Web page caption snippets
════════════════════

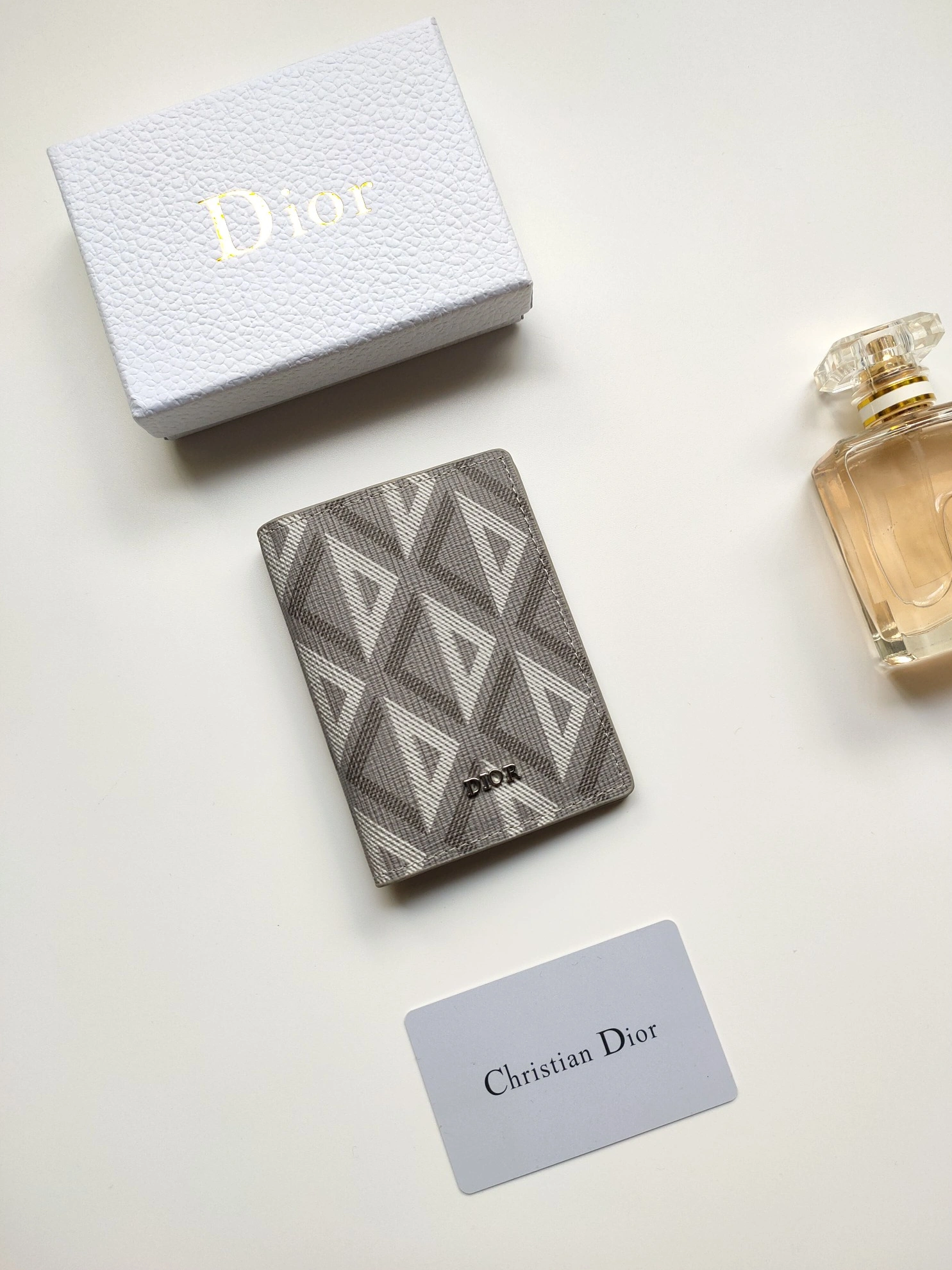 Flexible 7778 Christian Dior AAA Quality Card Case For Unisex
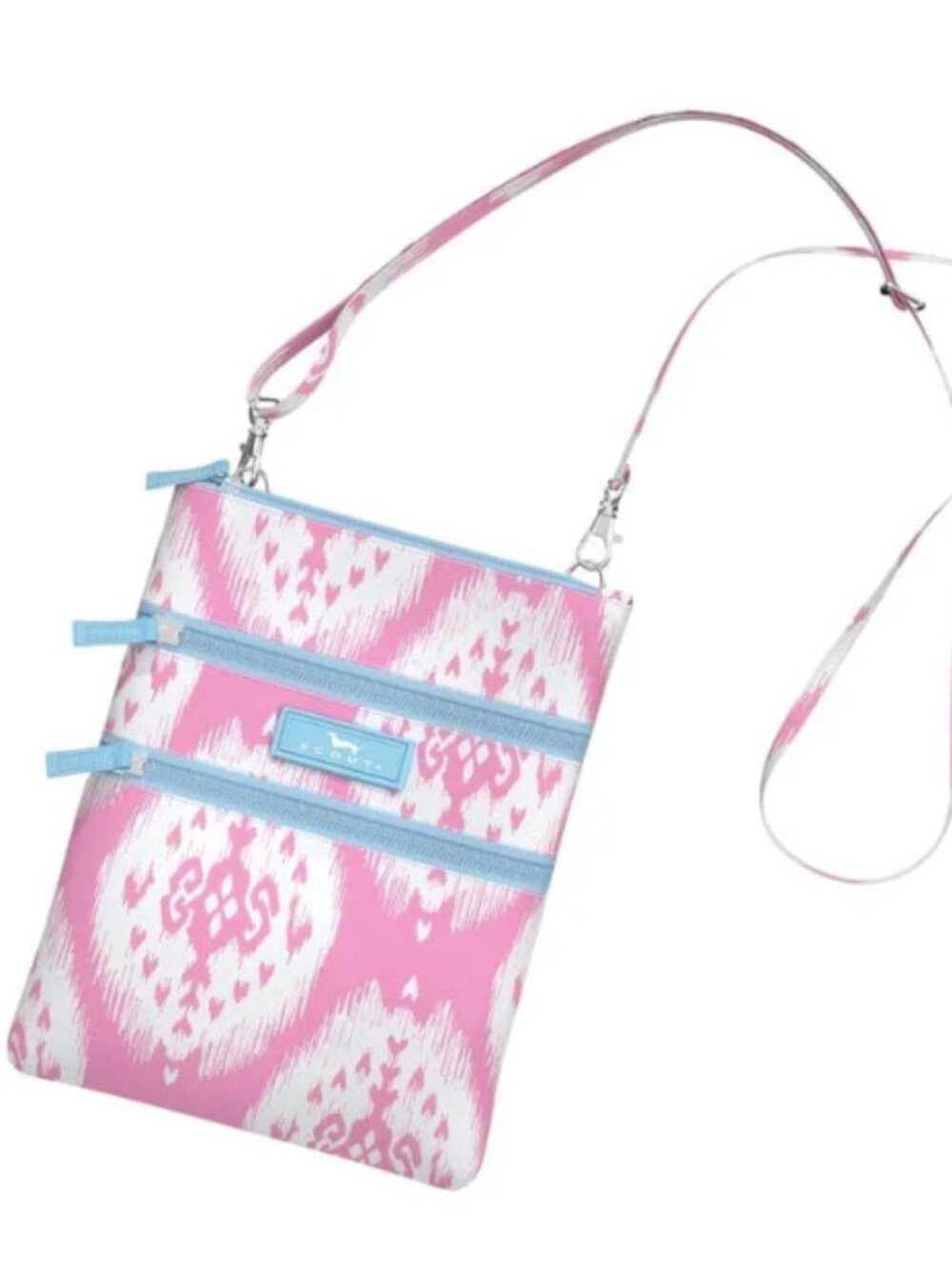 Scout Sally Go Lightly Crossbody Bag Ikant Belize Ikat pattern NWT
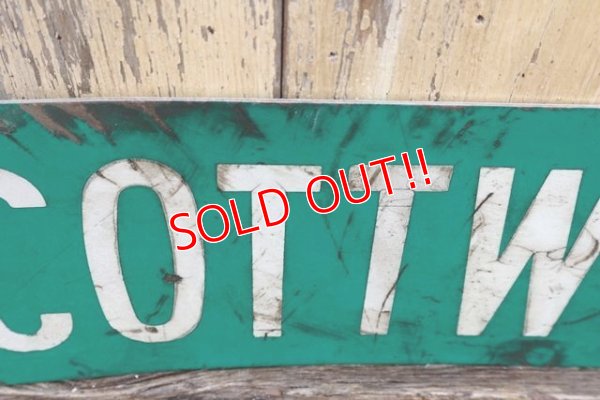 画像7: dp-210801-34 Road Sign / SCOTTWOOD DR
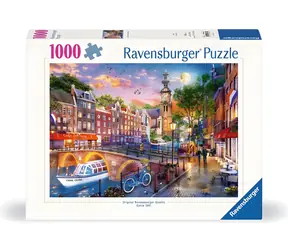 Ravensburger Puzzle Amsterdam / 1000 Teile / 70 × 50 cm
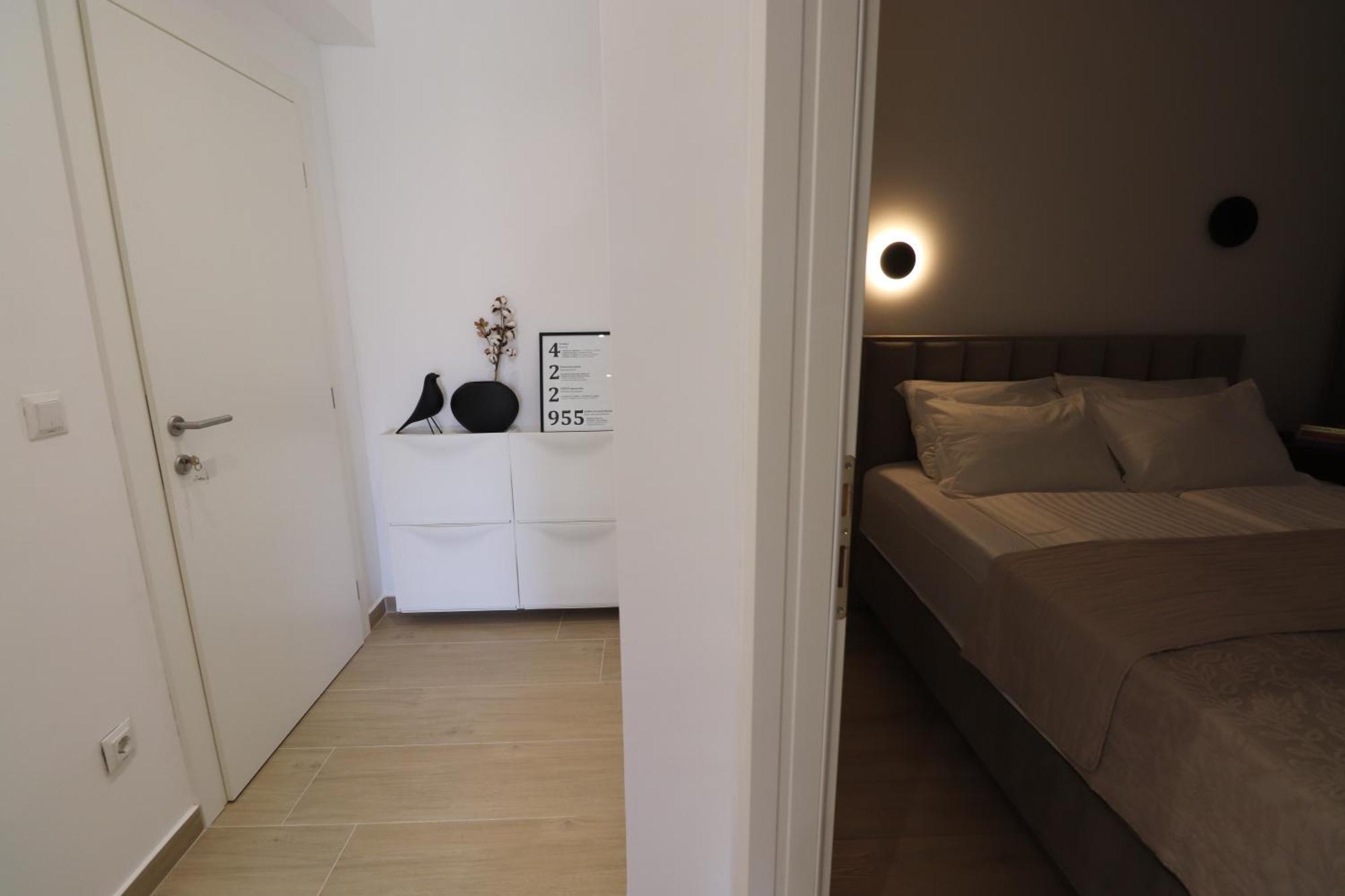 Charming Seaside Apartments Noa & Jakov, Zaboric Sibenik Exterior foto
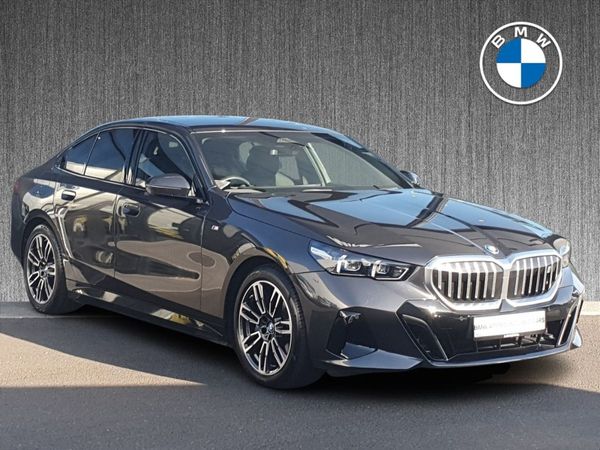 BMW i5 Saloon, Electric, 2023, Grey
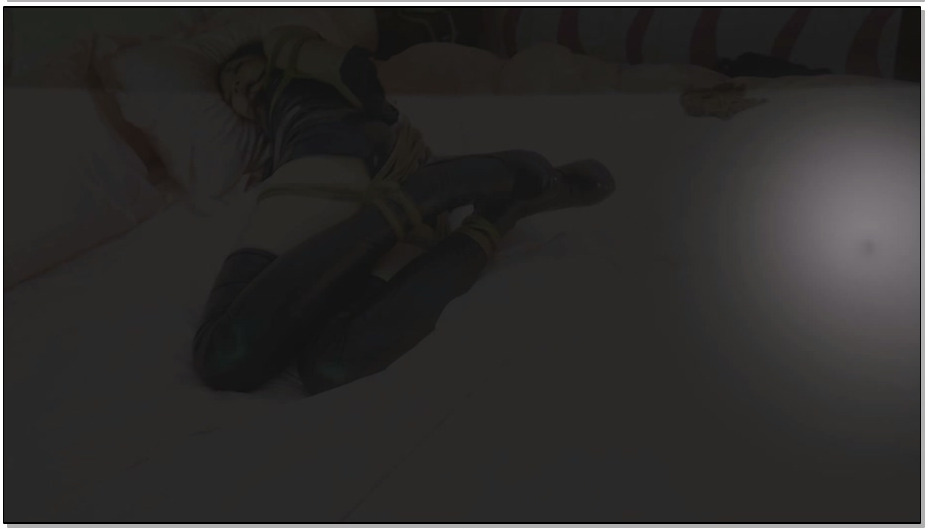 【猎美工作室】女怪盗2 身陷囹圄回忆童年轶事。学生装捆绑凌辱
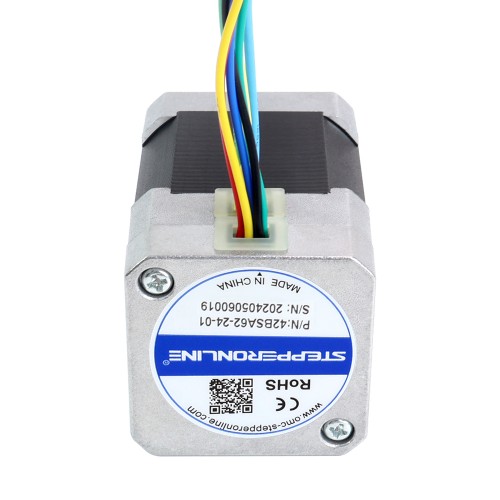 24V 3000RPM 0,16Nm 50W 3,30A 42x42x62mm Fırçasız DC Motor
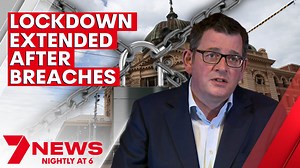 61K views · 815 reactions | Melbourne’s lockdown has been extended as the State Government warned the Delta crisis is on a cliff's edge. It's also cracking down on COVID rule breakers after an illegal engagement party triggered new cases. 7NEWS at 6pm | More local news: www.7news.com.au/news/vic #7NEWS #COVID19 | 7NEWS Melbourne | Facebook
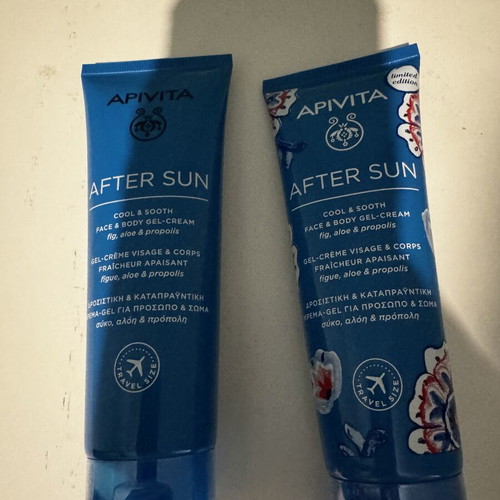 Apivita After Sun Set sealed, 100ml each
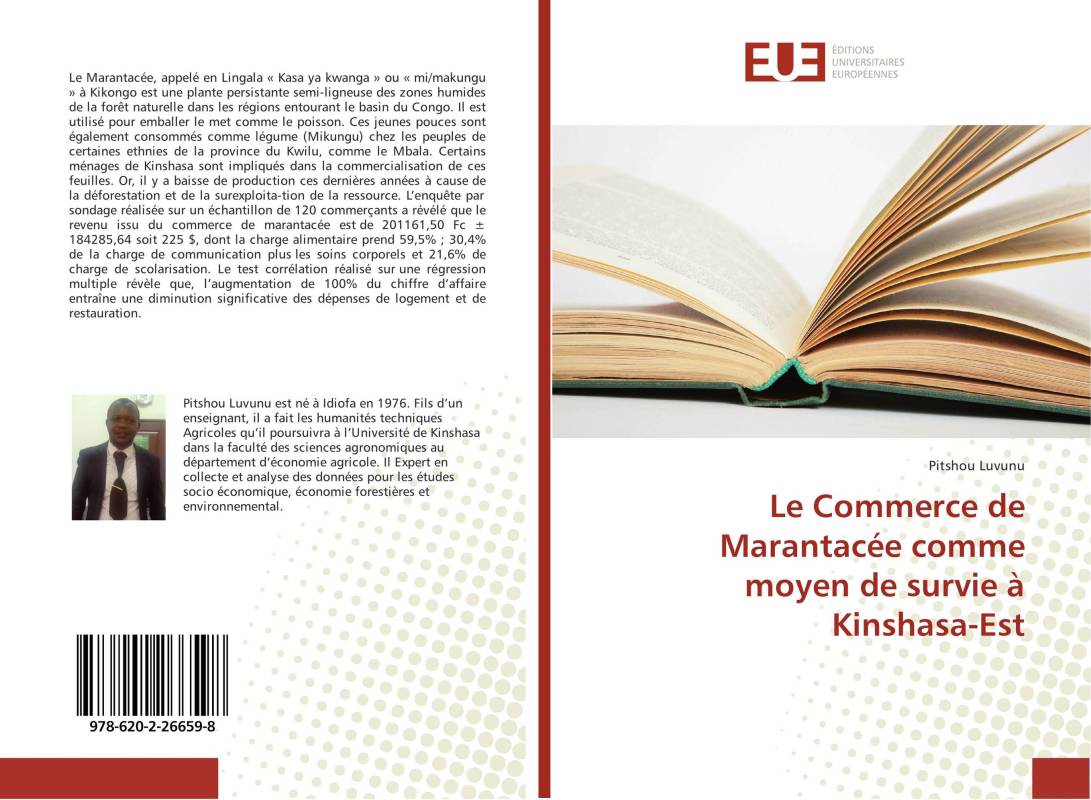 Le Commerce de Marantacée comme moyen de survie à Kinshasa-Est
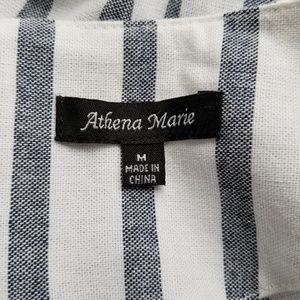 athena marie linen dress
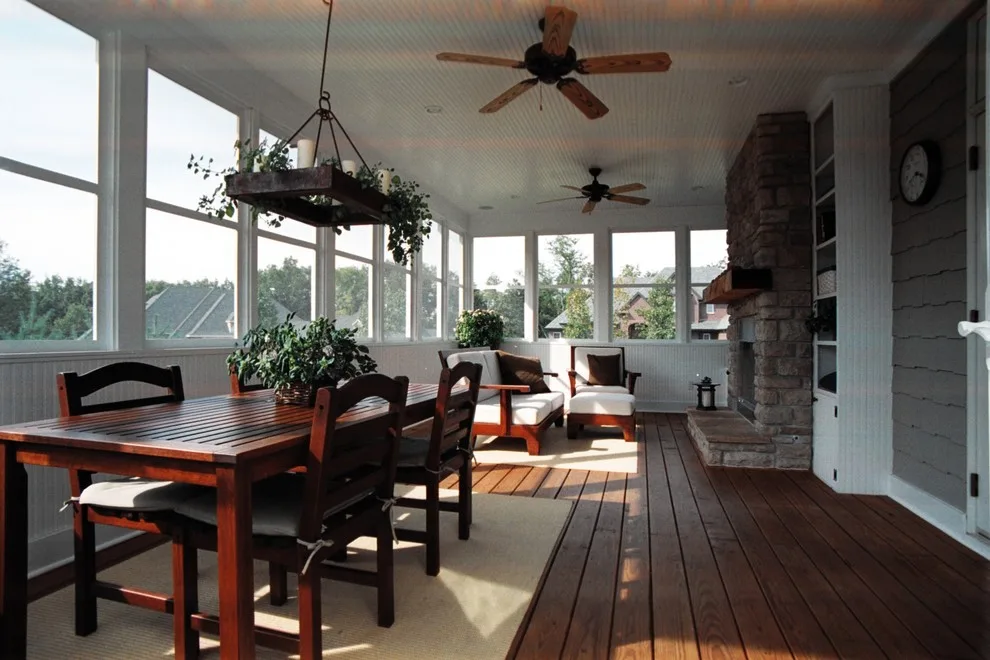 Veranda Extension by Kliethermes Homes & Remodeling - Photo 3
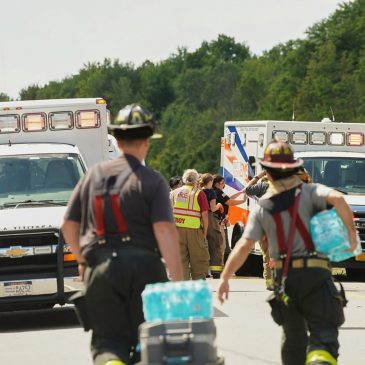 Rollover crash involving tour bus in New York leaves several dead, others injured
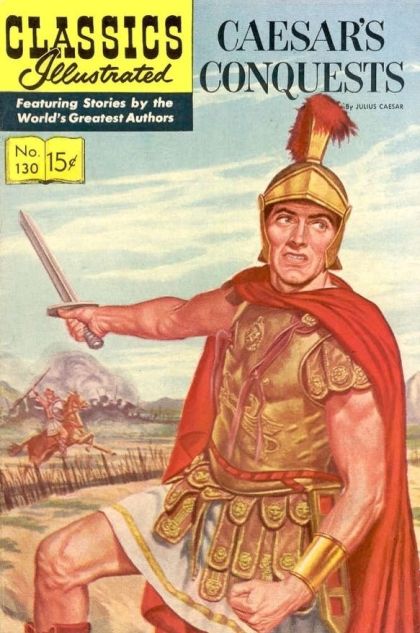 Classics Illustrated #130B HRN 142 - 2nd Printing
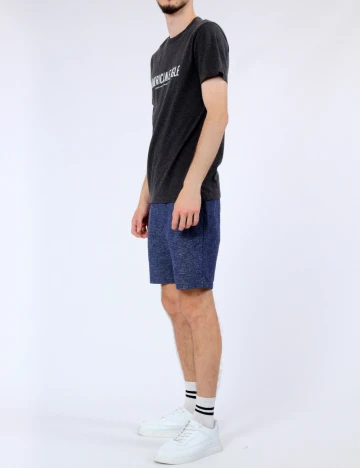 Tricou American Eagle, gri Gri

════════════════════

TASK TO CARRY OUT: With pictures left out, transcribe each line from the one containing "Apivita After Sun Set sealed, 100ml each" through the end of the data, both ends included.

TASK RESPONSE:
 Apivita After Sun Set sealed, 100ml each
 Le Commerce de Marantacée comme moyen de survie à Kinshasa-Est
 athena marie linen dress
 Veranda Extension by Kliethermes Homes & Remodeling - Photo 3
 Rollover crash involving tour bus in New York leaves several dead, others injured
 Classics Illustrated #130B HRN 142 - 2nd Printing
 Tricou American Eagle, gri Gri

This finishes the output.